1  Simulating hyperspectral fiber photometry signals

A recap of the basic model for fluorescence signals from protein indicators.

The challenges for in vivo fiber photometry data analysis are highlighted in Simpson et al. (2023):

In theory, or in a test tube or flow cell, dose-response curves make the relationship between ligand concentration and fluorescence intensity appear straightforward. However, measuring ligand modulated fluorescence in vivo, where photometric signals are neither linear nor absolute measures, is more complicated. Signals are influenced by native factors, including local fluctuations in pH and hemodynamics, and technical factors including the expression level and localization of the sensors, excitation wavelengths, potential photobleaching, and the stability of the optical path, each of which will be discussed.

We are interested in the case where there there are multiple lasers exciting the samples at different wavelengths (time-division illumination), and the full emission spectrum can be observed.

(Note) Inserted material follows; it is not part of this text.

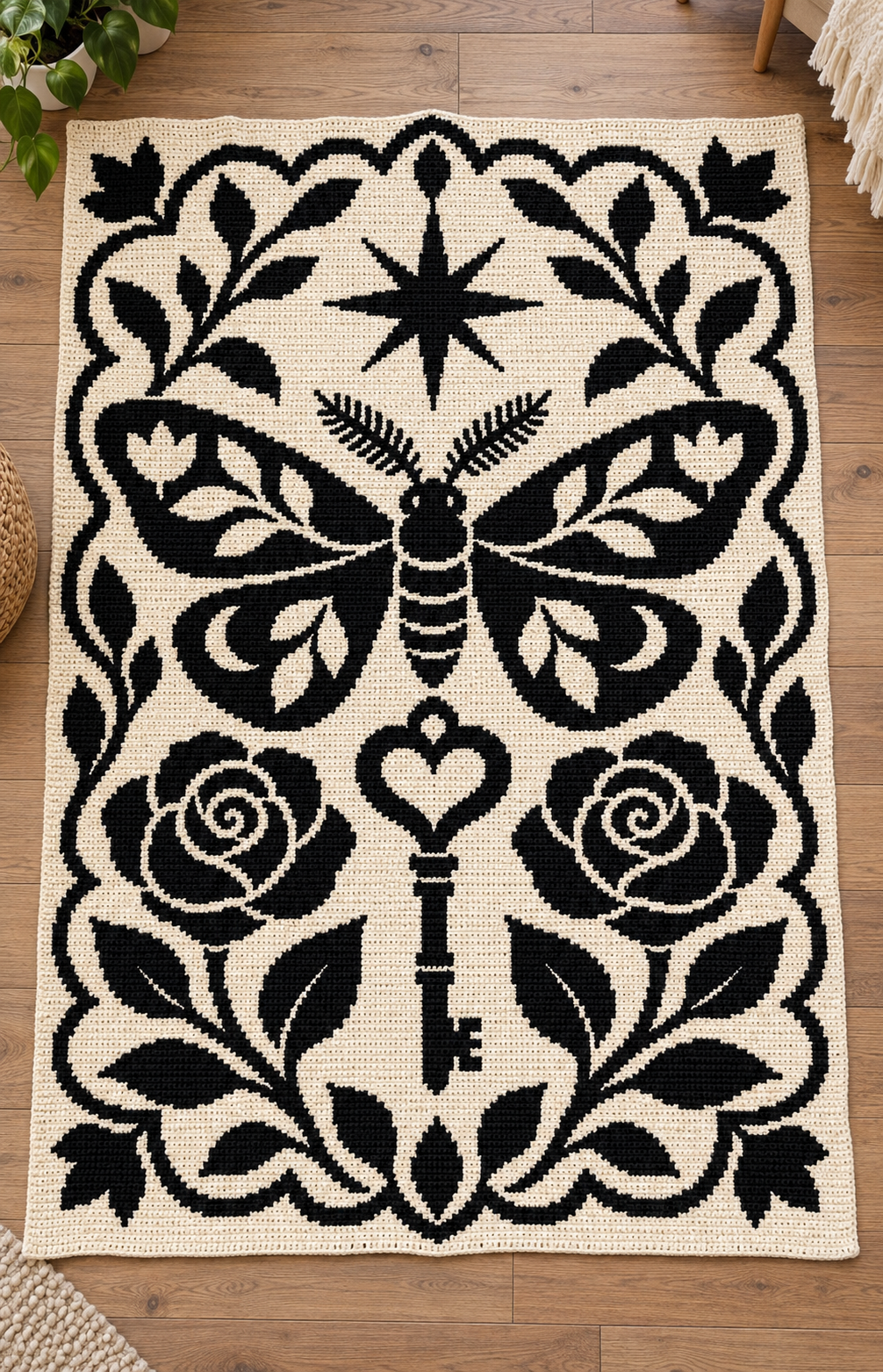 Moth Rose Heart Key C2C Crochet Mosaic Pattern-Digital Download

1.1 Signal from indicators

Assumptions / caveats

  • We may ignore spatial variation (e.g. related to illumination/ detection)
  • We may assume bound fraction is small (f \ll 1)
  • We may assume that \frac{\Delta F}{F} \ll (\frac{\Delta F}{F})_\textrm{max}

Indicator bleaching

The total number of indicator molecules that can fluoresce reduces over time and this is referred to as bleaching. Here we model bleaching as a sum of exponentials, one with a fast time constant and one with a slow time constant. C(t) = C_\textrm{slow} e^{-\frac{t}{\tau_\textrm{slow}}} + C_\textrm{fast} e^{-\frac{t}{\tau_\textrm{fast}}}

Indicator signal

The fluorescing indicator molecules can exist in one of two states, bound to ligand or free. Let the fraction of the bound indicator be f_{\textrm{b}}(t). Assuming emission spectra S_\textrm{b}(\lambda) and S_\textrm{f}(\lambda) for the different indicator states, power of the jth laser P(j,t), and efficiency of the laser to excite populations w_\textrm{b}(j) and w_\textrm{f}(j), the fluorescence readout F(t,\lambda,j) is modeled as:

\begin{align*} F(t,\lambda,j) = & \textcolor{40bf9a}{f_{\textrm{b}}(t) C(t) S_\textrm{b}(\lambda)w_\textrm{b}(j) P(j,t)} + \\ & \textcolor{63a7ff}{(1 - f_{\textrm{b}}(t)) C(t) S_\textrm{f}(\lambda)w_\textrm{f}(j) P(j,t)} \end{align*} \tag{1.1}

Equation 1.1 is analogous to the setup in and in Helmchen (2011). In the following we refer to f_{\textrm{b}} as just f. Assuming a positive indicator (where the bound state is brighter than free state), define F_{\max} and F_{\min} as the signal when f=0 and f=1 respectively. We’ll pack terms other than f in Equation 1.1 into \eta_\textrm{b} and \eta_\textrm{f} for the bound and free components, and drop the arguments t, \lambda, j for now. Then:

\begin{align*} F &= \eta_{\textrm{b}}f + \eta_{\textrm{f}}(1-f)\\ &= F_{\min} + (\eta_{\textrm{b}} - \eta_{\textrm{f}})f \\ &= F_{\max} − (\eta_{\textrm{b}} − \eta_{\textrm{f}})(1-f) \\ \implies \frac{f}{1-f} &= \frac{F - F_{\min}}{F_{\max} - F} \\ \end{align*} \tag{1.2}

Defining R := {F_{\max}}/{F_{\min}}, we can rewrite Equation 1.2 as: \frac{f}{1-f} = \frac{F / F_{\max} − 1 / R}{1 − F / F_{\max}} \tag{1.3}

Equation 1.3 only contains ratios of fluorosence; these terms are invariant to indicator concentration and laser power as in Equation 1.1.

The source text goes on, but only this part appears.